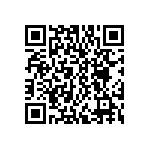 DWM-31-57-G-D-250 QRCode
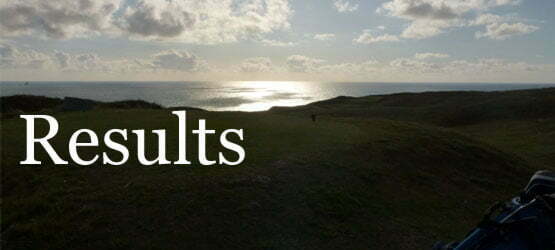 Results4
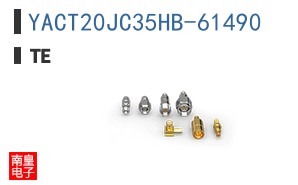 YACT20JC35HB-61490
= = = = =
**The task**
Would you transcribe all of the data exactly, omitting any pictures?

**Result below**
 DWM-31-57-G-D-250 QRCode
 Results4
 YACT20JC35HB-61490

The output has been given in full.